** Dataset records follows **

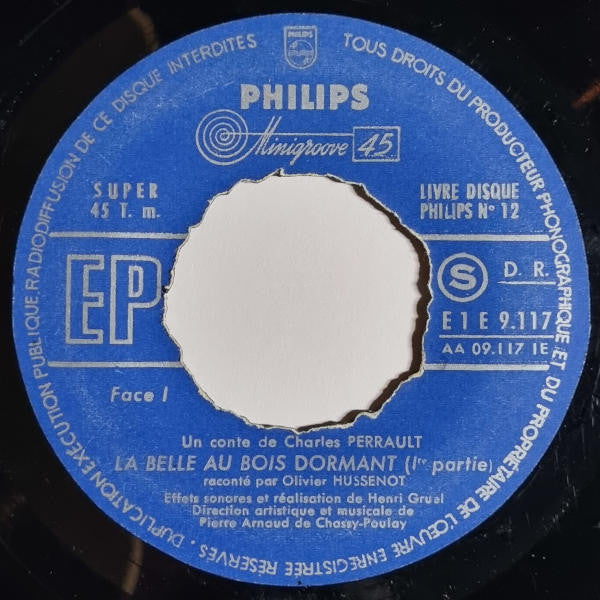 Olivier Hussenot - La Belle Au Bois Dormant 31405 Vinyl Singles Vinyl Goed / Hoes Goed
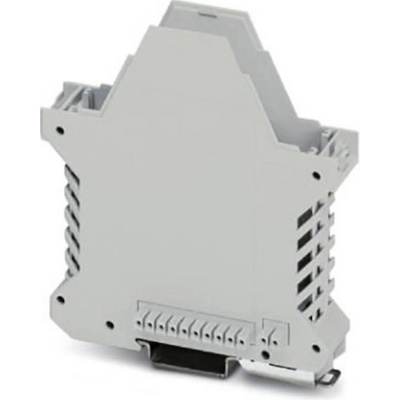 Phoenix Contact ME 22,5 UT/FE BUS/10+2 KMGY spodní díl pouzdra na DIN lištu polyamid 50 ks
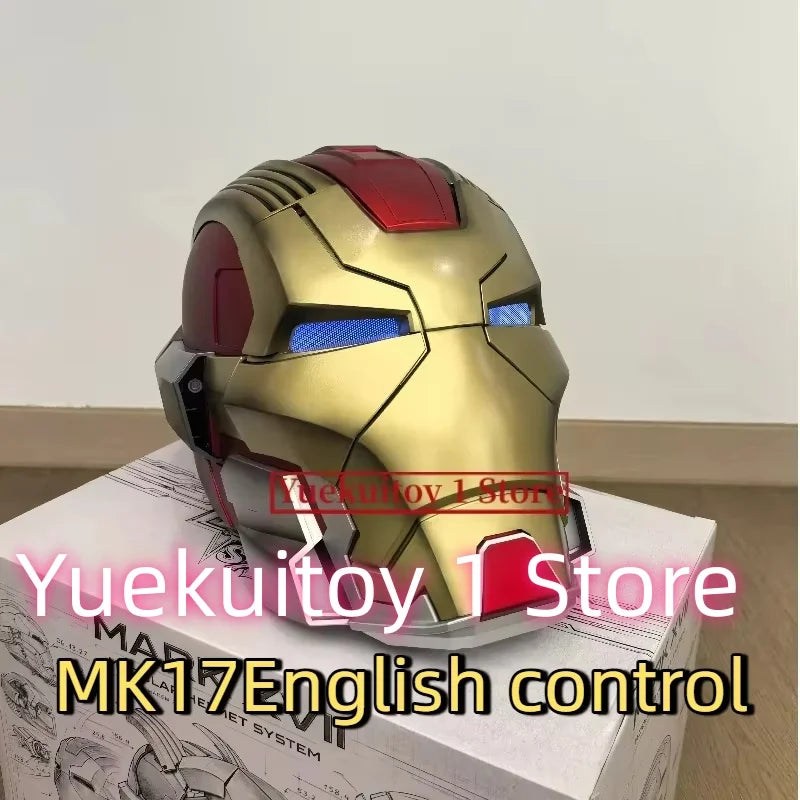 1:1 Wearable Iron Man Helmet Mk5 Mk50 Mk17 Steel Spider Man Helmet Collector'S EditionHelmet Collector'S Gift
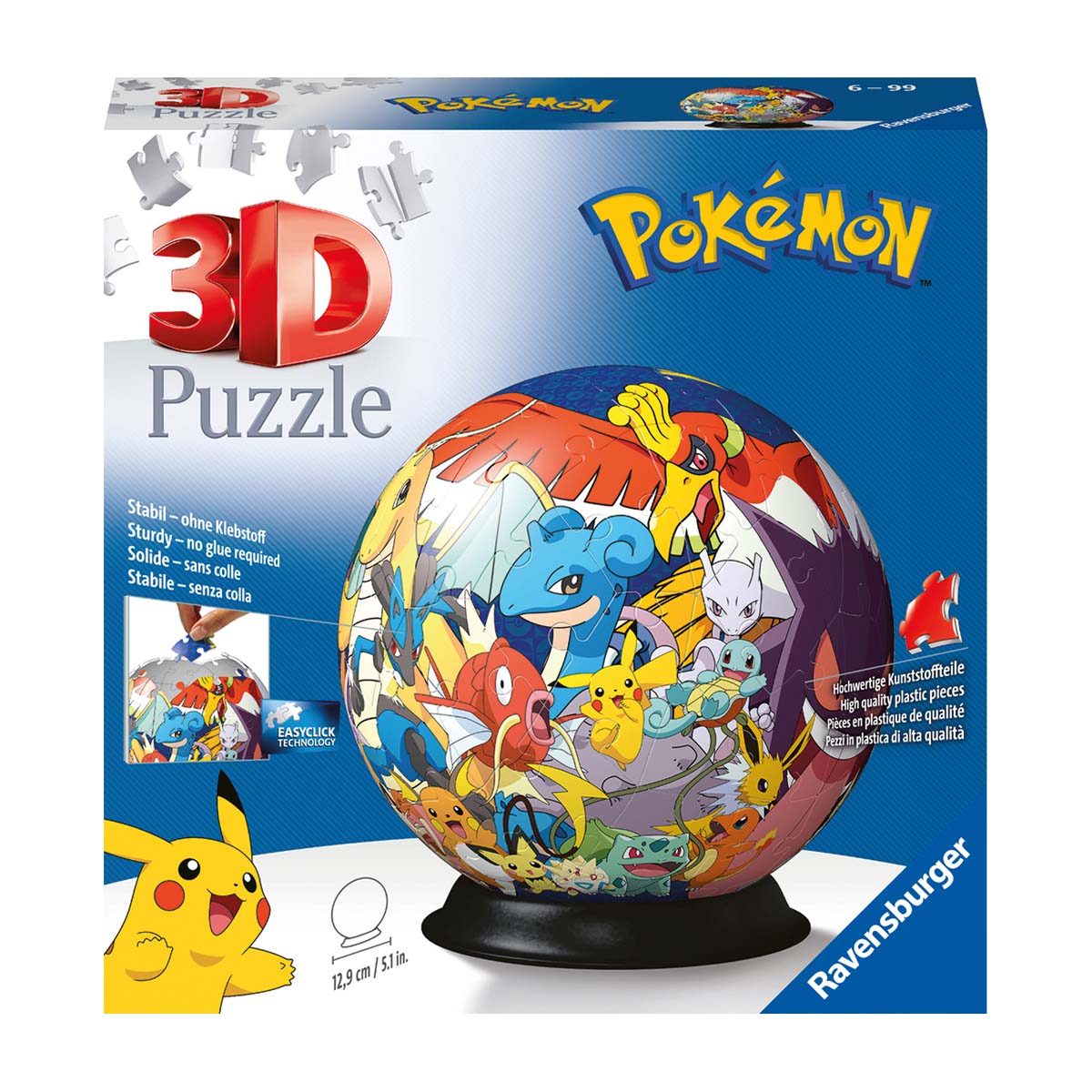 Imagen 0 de Puzzleball 3D 72 piezas Pokemon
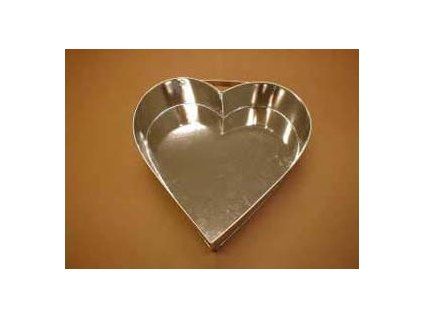 Srdce střední 24 cm  Dortová forma srdce střední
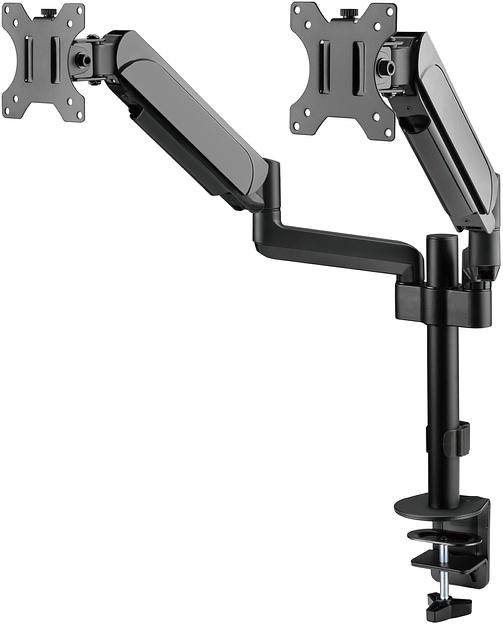 Кронштейн для мониторов ЖК Digma D-MM202D черный 17"-32" макс.9кг крепление к столешнице поворот и наклон фото 1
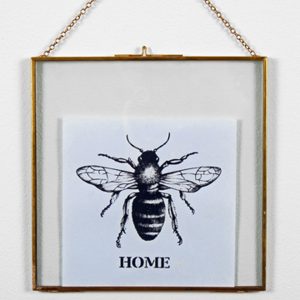4694 Home Bee Black White Framed Print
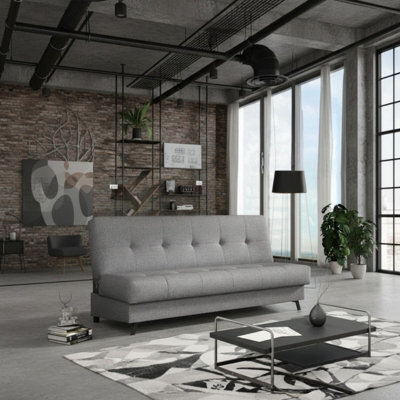 Enduro Xiii Sofa Modern Upholstered Living Room Sofa Comfortable And Stylish Available In Multiple Colors Light Grey Melange - image 1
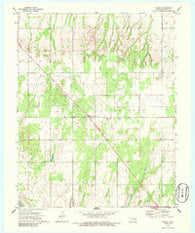 Hucmac Oklahoma Historical topographic map, 1:24000 scale, 7.5 X 7.5 Minute, Year 1972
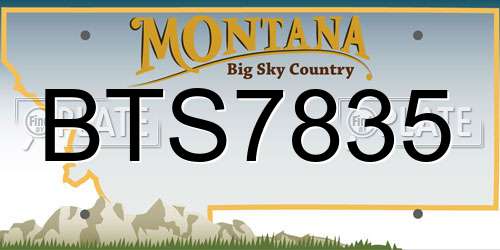 BTS7835 Montana License Plate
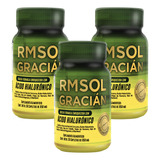 3 Pack Rmsol Ácido Hialurónico 100% Original 90 Tomas 850mg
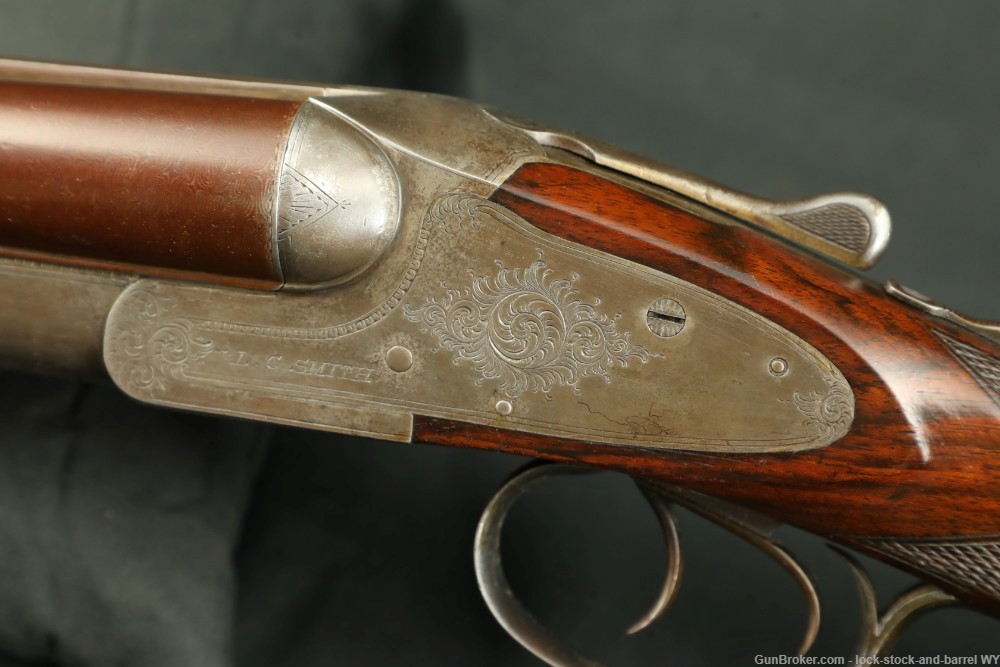 L.C. Smith Quality No. 3 Hammerless 28" 12 GA SXS Shotgun, 1891 Antique-img-30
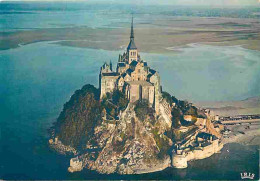 50 - Le Mont Saint Michel - Vue Générale Aérienne - Flamme Postale - CPM - Voir Scans Recto-Verso - Le Mont Saint Michel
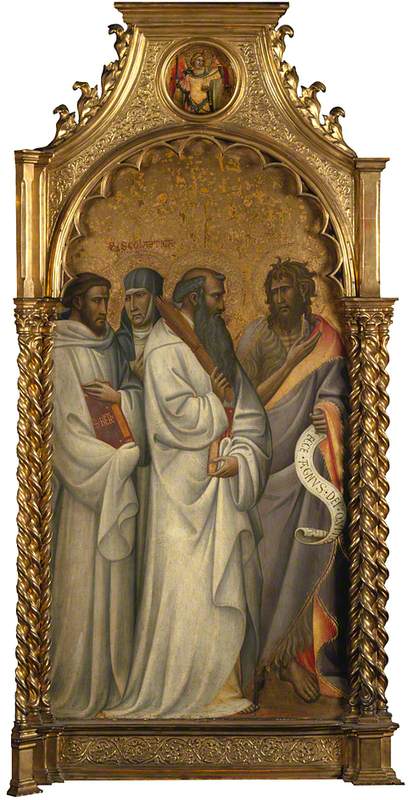 Saints Bernard, Scholastica, Benedict and John, 1422, Giovanni dal Ponte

** End of Dataset records **

--- How to complete this task ---
Taking the entries above, extract every line from the one bearing "4694 Home Bee Black White Framed Print" through the one bearing "L.C. Smith Quality", exactly, with no pictures.

--- Task solution ---
4694 Home Bee Black White Framed Print
 Enduro Xiii Sofa Modern Upholstered Living Room Sofa Comfortable And Stylish Available In Multiple Colors Light Grey Melange - image 1
 Hucmac Oklahoma Historical topographic map, 1:24000 scale, 7.5 X 7.5 Minute, Year 1972
 BTS7835 Montana License Plate
 3 Pack Rmsol Ácido Hialurónico 100% Original 90 Tomas 850mg
 L.C. Smith Quality No. 3 Hammerless 28" 12 GA SXS Shotgun, 1891 Antique-img-30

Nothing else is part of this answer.